Alice, wearing a faded denim dress, said, “Then the larger stomach belongs to the community.”
“Yes!” Emily said. “And if philosophers had brains in their heads they would realize that the ant’s collective pouch is the most advanced device that evolution, or God if you prefer, has come up with.”
“A soup kitchen,” interrupted the fat girl.
“And the ant feeding her associates through her mouth out of her own belly is the fundamental act from which the social life, the virtues, the morality, and the politics of the formicary — that’s the word for the ant as a society — are derived.” Alice saw that Emily used no notes. “Compared to this true collective, Wolfie, Brook Farm is a sandbox.”
A few girls were gagging or at least making gagging sounds.
“The ant is being exploited by her pals,” said the irritating fatty. Her size-six jeans were big on her and she wore her little sister’s tee. A strip of pink flesh showed between the two, like a satin ribbon. “When does she eat?”
“She cannot be said to eat as we understand eating,” said Emily severely. “She collects and stores and regurgitates. She is the life spring of her world.”

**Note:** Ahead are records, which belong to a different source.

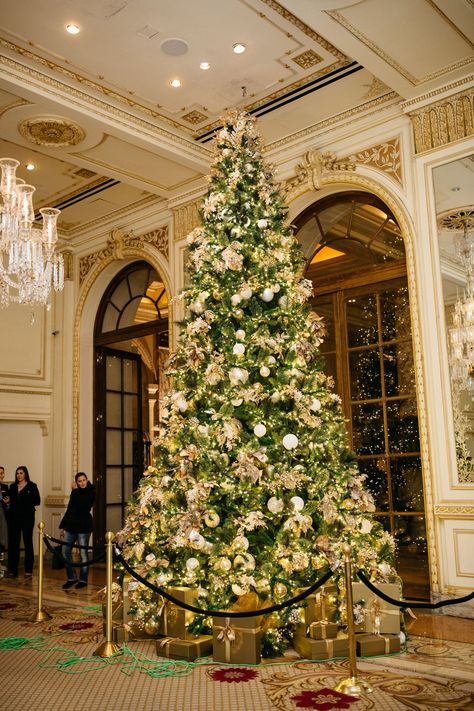 The Plaza Hotel, New York Hotel Christmas Decorations, Hotel Christmas, Halloween Front Porch Decor, Nyc Christmas, New York Hotels, Christmas Decorations For Kids, Halloween Front Porch, Christmas Town, Beautiful Christmas Trees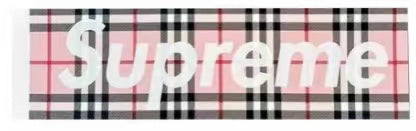 Supreme Burberry Box Logo Sticker Pink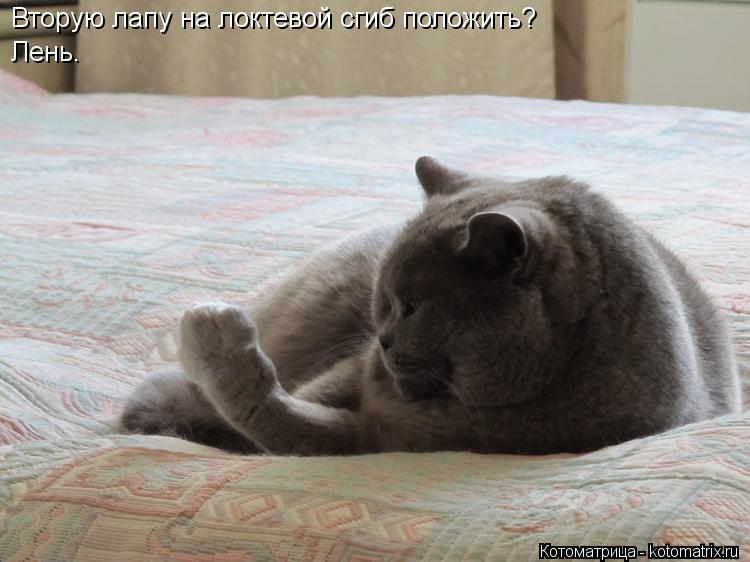 Вторую лапу на локтевой сгиб положить? Лень.... Котоматрица: Вторую лапу на локтевой сгиб положить? Лень.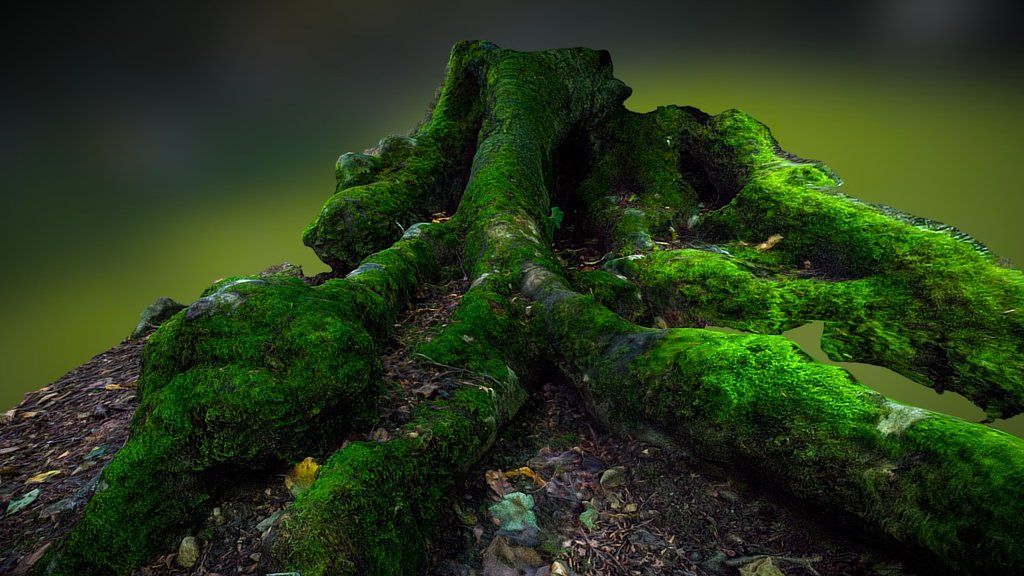 Mossy Root - Download Free 3d Model By Paul (@paul3uk) [6dccfb4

“So we evolved, and lost our second stomach,” Wolfie said. “We got ourselves brains instead. A good deal.”
“What’s good about the brain?” Emily said. “ It evolved to make money and war.”
“Zeugma!” Adele shouted.
Perhaps it was because of the only moderate success of her lecture, perhaps because of her binge at the banquet — at any rate, Emily turned up at the nutritionist that week at an unacceptable weight. She was hospitalized. She was not force-fed, but her room’s bathroom had no door, and while she consumed one pea at a time she was watched by a nurse’s aide with baroque curves.
“Sugar, eat,” the aide coaxed.
“Honey, do,” Emily mocked. But she acceded to the regimen; her work was calling her. Soon she’d gained enough to be discharged, though she’d have to see the nutritionist twice a week for a while. She was released a day earlier than planned. Her mother drove to the hospital in a downpour. She brought a present: a long, black vinyl raincoat with a hood.
“Thank you,” said Emily, unsurprised at the kindness of the gift. Her mother was everything a human was entitled to be: outspoken, attached to her particular children, unacquainted with tact. Ghiselle had no concern for the superorganism — but, after all, ever since the development of the spine, the individual had become paramount, the group disregarded. Ghiselle was only following the downhill path of her species.
“There’s a candy bar in the pocket of the raincoat,” Ghiselle said.
“Oh.”
“Wolfie and Adele can split it. Veux-tu rentrer? ”
“Pas encore. Laisse moi à la bibliothèque, s’il te plaît.” Emily was the only member of the family, Richard included, who had mastered enough French to converse with her mother in her mother’s tongue.
Ghiselle parked and Emily got out of the car. The rain had stopped. The new coat concealed Emily’s emaciation, and she had raised her hood against the suspended mist that had followed the rain, so her patchy hair was concealed too. She looked, Ghiselle thought, like any serious modern girl — bound for medical school, maybe, or a career in science.
Emily crossed the modest campus and entered the library. Ghiselle blew her nose and drove away.
“Emily is the heroine of the moment,” Alice murmured into Richard’s shoulder.
“Is she? They all love insects now?”
“No, they envy her monomania—”
“Polymania is more like it. Subway systems, for instance — she can diagram the underground of every major city in the world.”
“And they associate it with her lack of appetite, and they associate that with free will. ‘You can get a lot done if you choose to skip dinner,’ Wolfie Featherstone told me. Richard, not eating will become a fad and then a craze and then a cult.”